The Government of Bangladesh’s stated energy plans have for years focused on one principal answer: develop coal. While coal produces less than 500 MW of electricity in Bangladesh today, government projections have shown 2030 capacity as high as 20 Gigawatts – essentially all the planned increase in electricity production for the country. A 20 Gigawatt coal-fired pipeline would place Bangladesh – which is not in the 40 largest power producers today – 5th in the world in new coal-fired capacity: after only China, India, Vietnam and Indonesia. Bangladesh also has an important friend ready to support this policy choice: China. Bangladesh is a country of focus for China’s Belt and Road Initiative, and for Chinese financing generally. IEEFA has reported that Bangladesh has the most proposed coal-fired capacity and funding offered from China of any other country, totaling $7 billion for 14 Gigawatt of capacity (somewhere between 1/3 and ½ of total estimated costs for these projects).

Aside from China, support for coal-fired development draws from two other major sources: one, an outdated sense of economics, and two, perceived greater profitability. Bangladesh has been worrying about running out of natural gas and needing new energy sources for over a decade; during most of this time, coal has been accepted as the lowest-cost alternative, and still today many planners and onlookers think of it that way. Given the historical subsidy for domestic gas, electricity has been relatively cheap for Bangladeshis, and politicians are wary of new capacity forcing a sharp increase in prices. This sense of coal’s cheapness has fallen out of tune with today’s realities, but opinions have been slow to adapt. Coal-fired plants are also, universally, very large projects. Very large projects also, universally, give the greatest opportunities for large profits – regrettably often of the corrupt kind: it is much easier to get rich skimming off a mega-project than from dozens of small-to-mid-size renewable projects. Coal-based electricity also means large-scale domestic coal mining, with similar opportunities.

The big drawback for a coal-based plan for Bangladesh is economic reality. The perception of coal’s cheapness does not match its real costs (and here we only mean economic cost, without speaking of externalities like emissions). Developing Bangladesh’s coal mines will be very expensive, and very large greenfield projects also come with very large risks of delays and cost overruns. Transporting the coal to power plants can also be expensive. Importing coal also has high transport costs, as Bangladesh has virtually none of the needed import infrastructure it would require to feed several coal-fired plants. So coal feedstock is not likely to prove very cheap. A best case, looking costs in neighboring India, is that Bangladesh would produce coal-fired electricity at $0.08/ kilowatt hour – about the average retail price for electricity in the country today. More likely, with all the required ancillary infrastructure, large-scale coal power would cost at least $0.10/ kilowatt hour.
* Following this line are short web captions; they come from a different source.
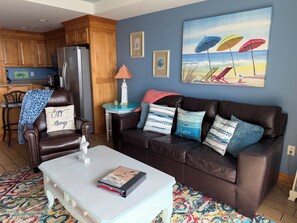 A living room with a brown leather sofa, a white coffee table, and a colorful rug. - Most Amazing Views ever in this beautiful 2 bedrm 2 bath condo in Resort area! (Tybee Island)
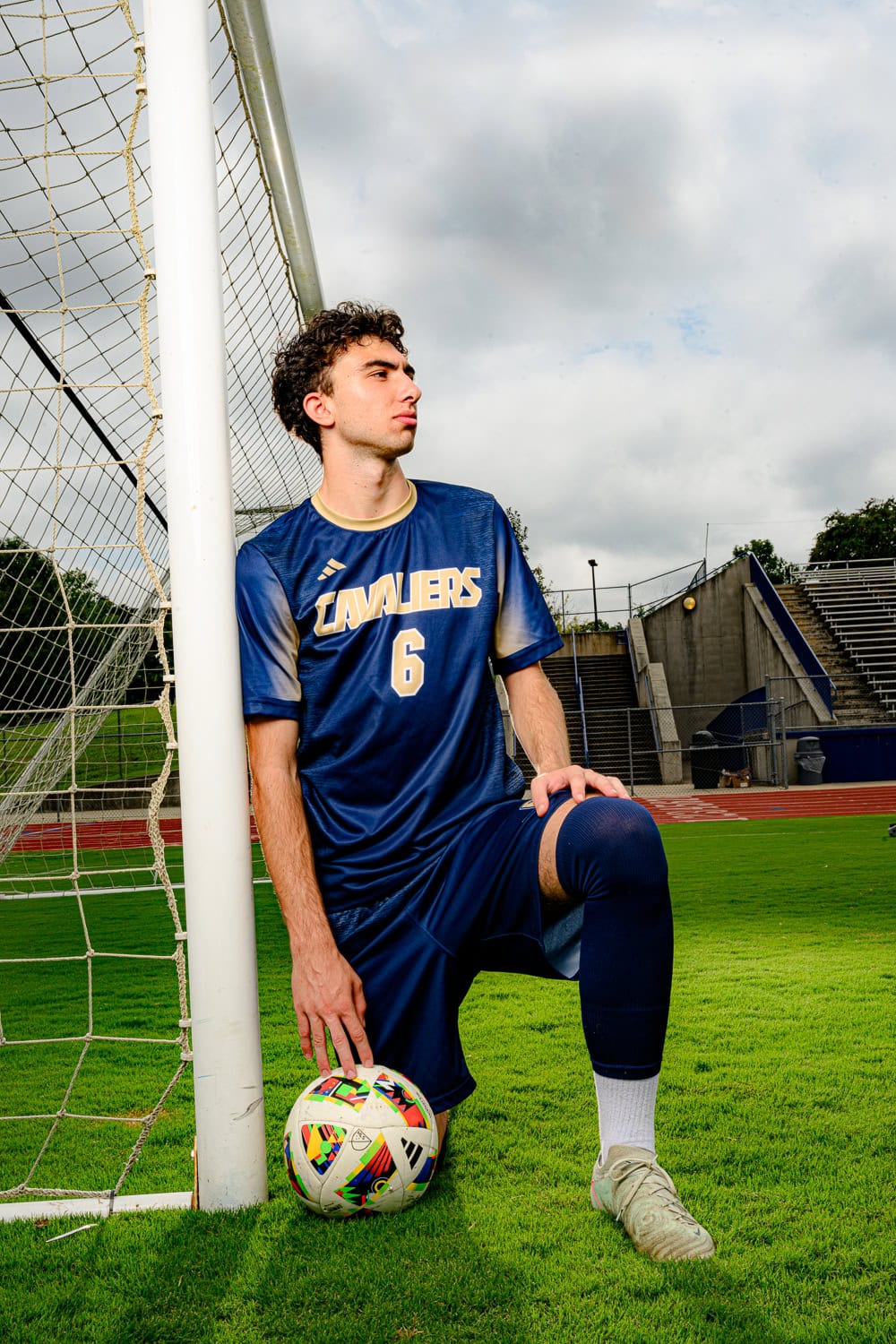 High school senior cuthbertson soccer player in his jersey kneeling
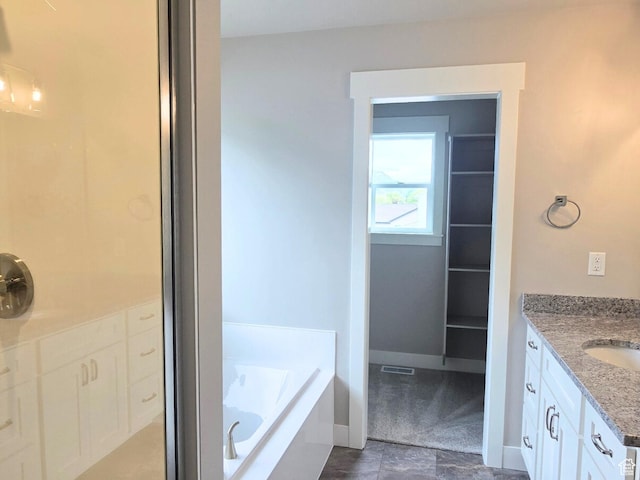 442 W 1325 N Unit 25, Brigham City, UT 84302 - full bathroom featuring vanity, a bath, and a shower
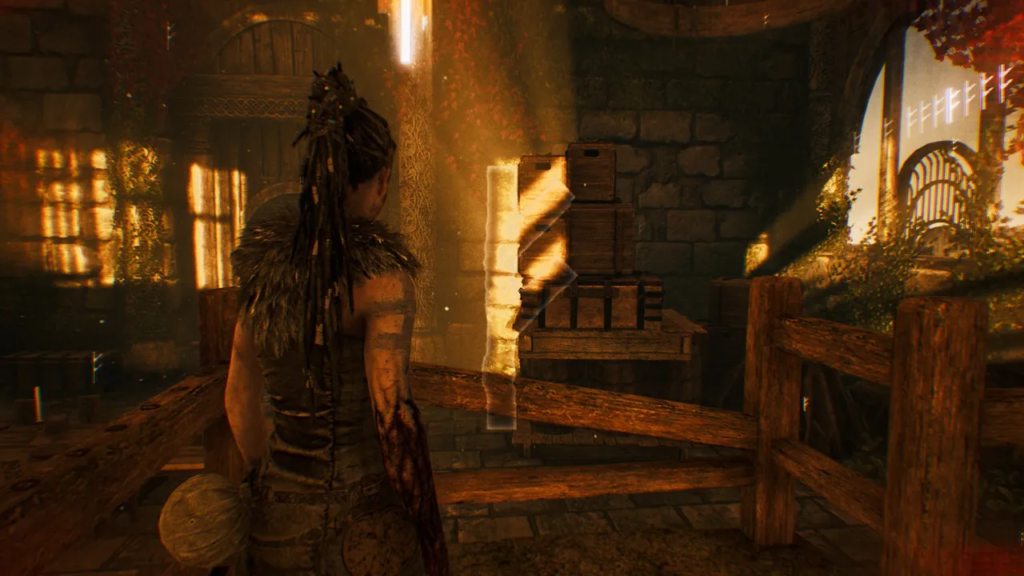 Сенуа из Hellblade стоит в каменной комнате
By contrast, auctions almost everywhere for wind and solar power are seeing prices at $0.07/kilowatt hour – even at $0.03/kilowatt hour in a handful of countries. Prices for generation continue to drop. Prices for energy storage, required to make intermittent wind and solar power available around-the-clock, are also dropping fast. The economics of wind and solar will increasingly be better than those of large-scale coal.

The problem for Bangladesh and its policy-makers today is that successful auctions for large-scale wind or solar power require significant planning. Planning is required not only for the new generation plants, but also for associated storage, and for upgrading the transmission grid to deal with large amounts of intermittent power supply. The planning is made trickier due to the lack of available land in Bangladesh, unlike in Pakistan. While Bangladesh has some excellent people resources in its ministries and administration, it doesn’t have a great many of them. One dead-end answer being looked at has been to have the government be the one to build solar plants: this has not worked anywhere outside China (excluding China, wind and solar generation is nearly 100% privately owned), including countries with much more public execution capacity than Bangladesh.
Still, this looks like a better set of problems to have to solve than those associated with coal.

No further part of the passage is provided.